Goal: A DriverInstanceActor that is Connecting/Reconnecting adopts a corrected config delivered via ApplyDelta and re-initialises with it (instead of dead-lettering and retrying the stale config forever), with the adopted config guaranteed to win against an old initialise still in flight.

Architecture: Add a monotonic generation to each InitializeAsync attempt; tag the InitializeSucceeded/InitializeFailed result records with it and drop superseded results in the Connecting/Reconnecting handlers. Add a Receive<ApplyDelta> to both not-connected behaviours that calls InitializeAsync(newConfig) (swaps _currentConfigJson, bumps the generation, retries immediately) and replies ApplyResult(true,…).
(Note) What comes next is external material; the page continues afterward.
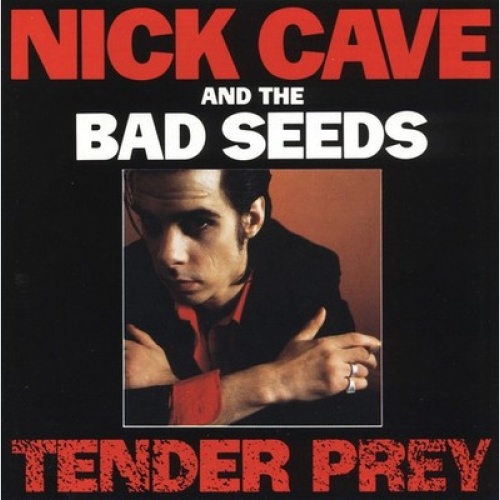CD, Album, RE Nick Cave And The Bad Seeds* - Tender Prey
Contained to one actor; no host/contract/EF change.

Tech Stack: C# / .NET 10, Akka.NET ReceiveActor, xUnit + Shouldly, Akka.TestKit.

Design doc: docs/plans/2026-06-14-driver-reconfigure-while-faulted-design.md (committed 076ca025).


Task 0: Feature branch (already created)

Classification: trivial Estimated implement time: ~0 min (precondition already met) Parallelizable with: none

The branch feat/driver-reconfigure-while-faulted already exists off master f9be3843, and the design doc is committed on it (076ca025). No action — included only so the task graph records the precondition. Implementers for later tasks commit on this branch (never on master), stage by path (never git add .), and never stage sql_login.txt, src/Server/ZB.MOM.WW.OtOpcUa.Host/pki/, pending.md, current.md, or docker-dev/docker-compose.yml.


Task 1: Adopt corrected config mid-(re)connect (DriverInstanceActor)

Classification: high-risk (actor state machine + concurrency) Estimated implement time: ~6 min Parallelizable with: none

Files:

  • Modify: src/Server/ZB.MOM.WW.OtOpcUa.Runtime/Drivers/DriverInstanceActor.cs
  • Test: tests/Server/ZB.MOM.WW.OtOpcUa.Runtime.Tests/Drivers/DriverInstanceActorTests.cs

This is one atomic actor change (generation guard + adopt handlers are interdependent — neither is meaningfully landable alone) plus its tests, in a single production file + single test file. Follow TDD: extend the stub, write the two failing tests, implement, then prove the whole DriverInstanceActorTests class + the Runtime suite stay green.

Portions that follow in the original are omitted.